Not the outskirts, as they had once done, but the center, as if he wished for them to be the focal point of the ball.
She dared to hope passionately that he meant it as such.
Her dress swept the floor as his gaze held hers, and positioned them correctly.
“A waltz, my duchess?” he murmured. “I believe that is where it all started. Perhaps we may quell these writer’s rumours once and for all.”
Amelia dared a look around the ballroom. “As long as it is only the writer this time,” she sighed. “I feel more respected tonight. Is it wrong to hope we have changed their minds about us both?”
“Wrong, no,” he answered as he pulled her near. “Naive, mayhap.”
She was about to protest when she saw the light teasing smirk on his mouth.
She wished to kiss him in that moment, seeing that smile.
How she wanted to be back in the library, where there would be nobody to disrupt them like there had been almost a week ago.
If Daphne had not entered would Graham have continued? Would he have kissed her?
“If I am naive to want peace then so be it,” she murmured, a smile on her face as the music began again in a sweeping waltz.
Graham’s face returned to its stoic seriousness, and Amelia found her breath short.
Heavens, he was handsome, with the deep, dark eyes that seemed to pierce right through her, and his broad shoulders, long hair that was styled elegantly back from his face, and the jawline that was always pronounced.
She constantly wished to run her fingers over it, to see if it was as sharp as it looked.
Sometimes, there was a smattering of dark facial hair, a thing that Daphne had said meant that her brother was struggling.
He was now clean-shaven, and it only rendered him more handsome in her eyes.
And he was looking at her as if she was the only thing that mattered.
Before the tumult of the scandal, before she had uttered ill-timed words, before she had endured days in solitude whilst he brooded, they had once danced, and the world had receded into the background.
It did so now, and she found no desire to feign that this dance belonged to a time prior to their troubles.

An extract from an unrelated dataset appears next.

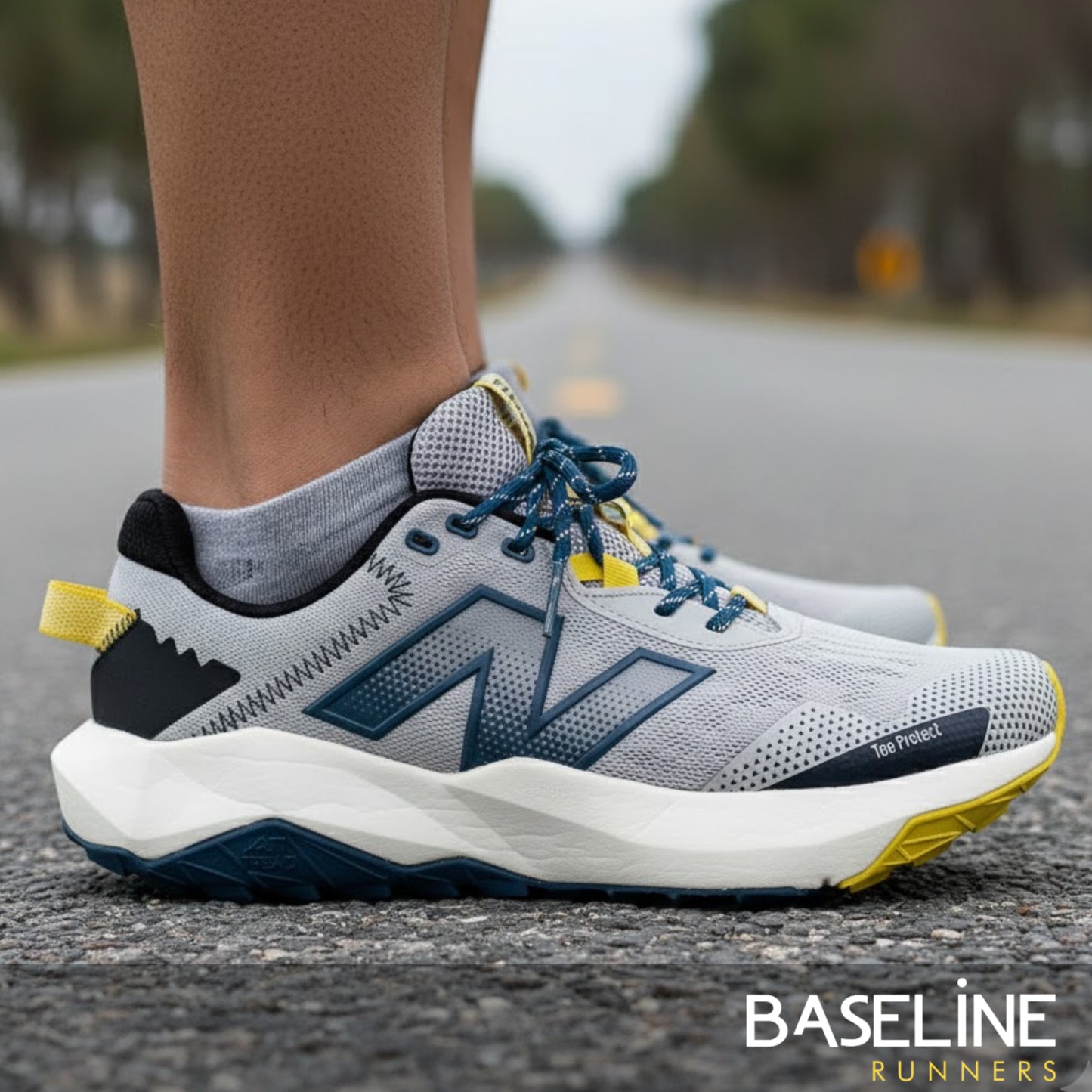 NEW BALANCE SHOE DYNASOFT NITREL V6 MN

Rather, she came to the realization that this was the most fulfilled she had felt since their hastily arranged marriage.
As if, by engaging in this dance together, they had at last discovered their concord.
Would he feel the same if she voiced her thought?

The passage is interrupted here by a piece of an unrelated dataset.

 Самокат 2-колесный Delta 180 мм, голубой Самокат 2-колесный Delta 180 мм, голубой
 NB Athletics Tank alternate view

Why, every time I get near, do you pull away? You say you are cursed but what are you afraid of, for you will not lose me?
They glided around the dance floor, their steps light and wide, perfectly synchronized. It was as though they had finally found their way back to one another. A simple man and lady whose worlds had collided and they were now learning how those pieces fit together.
Her doubts were shed as she gazed at her husband, her breath catching with how her emotion was mirrored in his, as if finally he had realized that she was honest and true.
Could he grow to love her? Could he grow to want her, as she wanted him?
To think of a future with her that did not only consist of separate rooms and disjointed mealtimes.
Was this the version of her husband who would do more than merely tolerate her simply because he had dutifully saved her from being ruined?